# [PROBLEM DESCRIPTION]
Please filter the entries and return only the lines that include "Street".
══════════════════════════════
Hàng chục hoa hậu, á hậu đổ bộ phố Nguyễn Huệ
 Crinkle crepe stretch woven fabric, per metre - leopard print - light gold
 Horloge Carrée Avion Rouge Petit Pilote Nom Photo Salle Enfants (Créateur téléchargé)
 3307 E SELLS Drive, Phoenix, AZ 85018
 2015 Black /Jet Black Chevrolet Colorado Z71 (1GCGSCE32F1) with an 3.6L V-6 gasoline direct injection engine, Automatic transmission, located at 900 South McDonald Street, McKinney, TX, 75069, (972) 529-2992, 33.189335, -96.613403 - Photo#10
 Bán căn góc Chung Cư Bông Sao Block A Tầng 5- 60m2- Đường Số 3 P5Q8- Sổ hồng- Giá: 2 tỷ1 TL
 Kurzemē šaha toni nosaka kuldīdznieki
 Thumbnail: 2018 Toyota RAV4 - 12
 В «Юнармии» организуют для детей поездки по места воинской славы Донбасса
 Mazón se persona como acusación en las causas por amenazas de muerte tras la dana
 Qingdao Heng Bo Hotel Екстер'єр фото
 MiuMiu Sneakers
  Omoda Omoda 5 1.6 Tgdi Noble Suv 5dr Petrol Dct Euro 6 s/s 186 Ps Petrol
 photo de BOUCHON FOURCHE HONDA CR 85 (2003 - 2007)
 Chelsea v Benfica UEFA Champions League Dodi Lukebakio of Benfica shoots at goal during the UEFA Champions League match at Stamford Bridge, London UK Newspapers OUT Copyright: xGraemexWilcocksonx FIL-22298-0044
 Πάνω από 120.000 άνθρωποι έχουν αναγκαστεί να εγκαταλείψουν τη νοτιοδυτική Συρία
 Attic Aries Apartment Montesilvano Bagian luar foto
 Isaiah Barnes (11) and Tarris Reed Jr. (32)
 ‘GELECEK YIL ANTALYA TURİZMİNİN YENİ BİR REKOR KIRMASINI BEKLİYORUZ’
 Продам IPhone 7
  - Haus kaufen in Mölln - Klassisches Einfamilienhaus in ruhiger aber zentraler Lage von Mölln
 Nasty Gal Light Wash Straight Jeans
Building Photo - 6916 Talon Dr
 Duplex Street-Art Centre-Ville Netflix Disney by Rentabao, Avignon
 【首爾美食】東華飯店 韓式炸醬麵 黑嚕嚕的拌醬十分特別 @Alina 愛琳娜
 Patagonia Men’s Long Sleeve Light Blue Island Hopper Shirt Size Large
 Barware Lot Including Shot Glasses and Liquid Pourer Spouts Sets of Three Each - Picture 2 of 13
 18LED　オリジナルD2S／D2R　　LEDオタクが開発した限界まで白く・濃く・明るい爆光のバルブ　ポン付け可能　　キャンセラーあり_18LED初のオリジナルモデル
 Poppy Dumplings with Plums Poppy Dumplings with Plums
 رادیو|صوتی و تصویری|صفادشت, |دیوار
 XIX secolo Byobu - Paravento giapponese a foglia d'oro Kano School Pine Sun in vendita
══════════════════════════════
# [SOLUTION FOR THIS PROBLEM]
 2015 Black /Jet Black Chevrolet Colorado Z71 (1GCGSCE32F1) with an 3.6L V-6 gasoline direct injection engine, Automatic transmission, located at 900 South McDonald Street, McKinney, TX, 75069, (972) 529-2992, 33.189335, -96.613403 - Photo#10
 Duplex Street-Art Centre-Ville Netflix Disney by Rentabao, Avignon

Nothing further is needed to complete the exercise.